The similarities between “objects from afar” in the 17th to 19th centuries and “objects from the past” today are more than coincidental. In both situations, an object of which very little is known suddenly becomes a part of our peripheral vision, enticing us with its foreignness to try and learn more about it. Thus, like the “curiosity,” the artifact stands before us as an object easily made into a fetish. What is being fetishized, in one sense, is the artifact itself; in another sense, however, it is the past itself that is the true fetish object. For just like with “curiosity” objects of the Age of Imperialism, the artifact gives us a glimpse of another culture, of a culture that is “other” than our own. The only difference here is that this “other” culture is separated from us in both space and time. Part of the artifact’s mystery, its secretiveness, is bound up in the fact that is not from our time; the temporal divide shrouds the artifact in a confusing jumble of possibilities and paths of interpretation, any of which, if investigated, may tell us more about it.

The past, however, is only accessible through the artifact; without the artifact standing before us, the “other” would be utterly invisible. This leads us into problematic territory; specifically that in the instant we try to probe the depths of the artifact, to learn more about it, whether by studying it as archaeologists do, or simply by reading its accompanying plaque like museum-goers do, we come across a barrier that does not allow us to know everything about the object. We might learn, for instance, that the rough texture upon the clay pot we are currently looking at was made by pressing woven hemp thread upon its wet surface. But what, ultimately, does this tell us? What kind of insight does the analysis of one artifact give us about the past as a whole? Or about the people who lived in it? We come to a realization in this moment, just how much we will never know about either the object standing before us, or about the past that seems hidden behind its façade. To be sure, in most cases, people will simply read the accompanying plaque or listen to the tour guide’s description, nod at the glimpse of the past provided in those few moments, and leave it at that. What is important to understand, however, is that in the moment of realization, in the instant that we recognize all that we will never be able to extract from the artifact before us, we are encountering a black box.

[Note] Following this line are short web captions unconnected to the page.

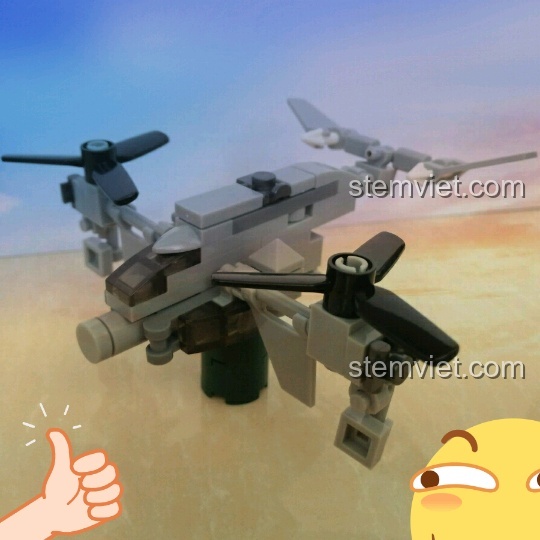 Ảnh tổng kết đẹp mắt của mô hình máy bay hợp thể SEMBO 11517, một món đồ chơi lắp ghép sáng tạo cho trẻ em.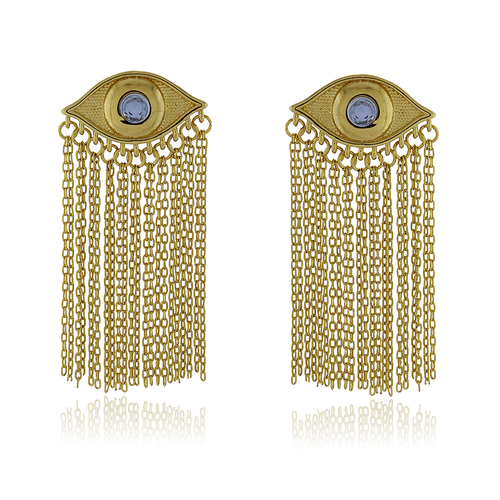 Brinco Olho Grego Cristal Correntes Penduradas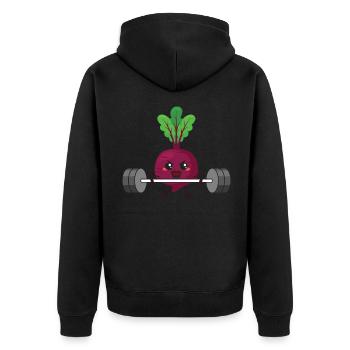 Vegan Vegan Bodybuilding Betterave - Veste à capuche bio Premium Unisexe - noir - Dos - Nico (187cm)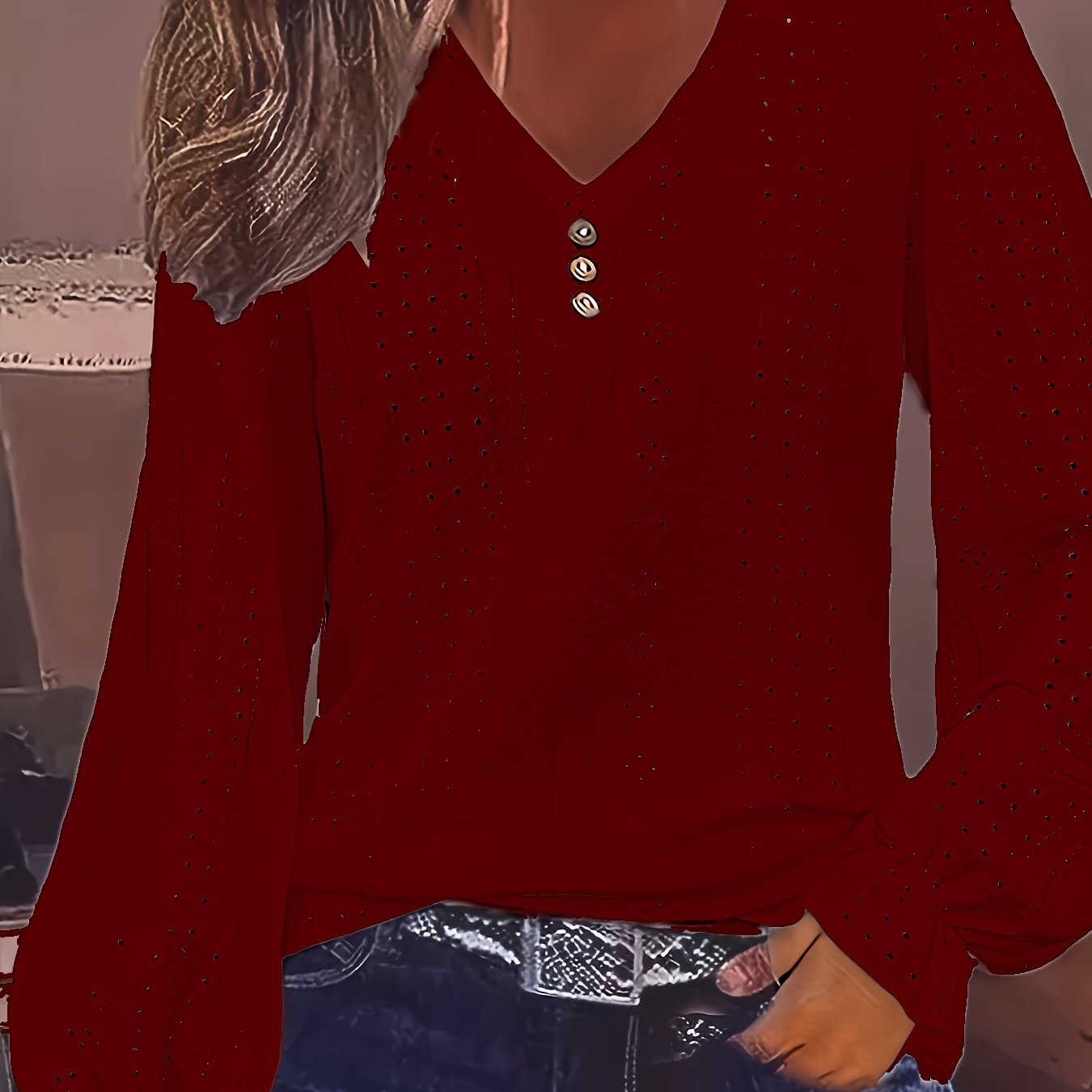 Plus Size Eyelet Button Decor T-Shirt Casual V Neck Long Sleeve Top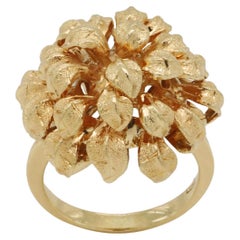 Cocktailring, 18 Karat Gelbgold, Cluster-Blätter, Blumenstrauß
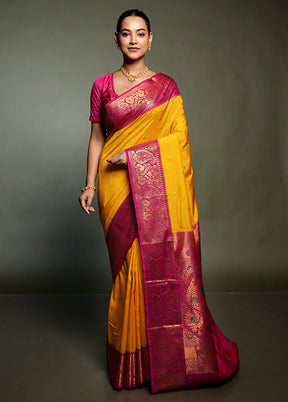 Yellow Kanjivaram Silk Saree With Blouse Piece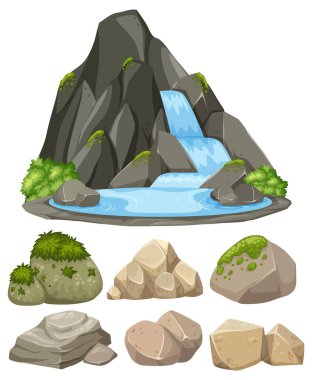 Nature element cartoon set illustration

The artifact, like many of the objects in our readings: the Berlin Key, the woven basket, the painted image, is a bundle of processes and relations that all contribute to it being here, in front of us, either in the archaeologists hand, or upon its pedestal or in its glass display case. Unfortunately, these bundled processes and relations are not readily accessible just by looking at (or indeed touching, turning, dissecting, etc…) the artifact. There is always something that the materiality of the artifact can never fully reveal to us about the artifact in itself. Thus, we end up asking ourselves, after Bruno Latour, how far back in time and away in space should we retrace our steps to follow all those silent entities (processes and relations) that contribute to the artifact’s standing before us?[6] Methods that archaeologists have traditionally relied on to study artifacts, which go beyond simply looking at them, include: studying their archaeological context (if the object is found in the field, during excavation); studying how they were made, whether they were constructed through flintknapping, carving, molding, casting, weaving, etc…; we can find out how much labor was put into creating them, for instance, casting a 30 kg bronze vessel requires considerably more time and effort than knapping a stone hand axe; we can also submit these artifacts, or traces of them, to various laboratory analyses in order to determine their exact chemical compositions. All of these techniques indeed tell us something more about the artifact we are currently looking at, something about it secretive inner life about how it came about, came to be here, and, as all archaeologists hope, how the people who created it may have lived. In most cases, the information gleaned by conducting these examinations will appear on the accompanying plaque for museum-goers to peruse at their leisure. And yet, it never seems to be enough. We are never truly able to grasp all of the processes, techniques, and efforts bundled within this artifact or any of its brethren. As Latour puts it, “most of these entities now sit in silence, as if they did not exist, invisible, transparent, mute, bringing to the present scene their force and their action from who knows how many millions of years past.”[7]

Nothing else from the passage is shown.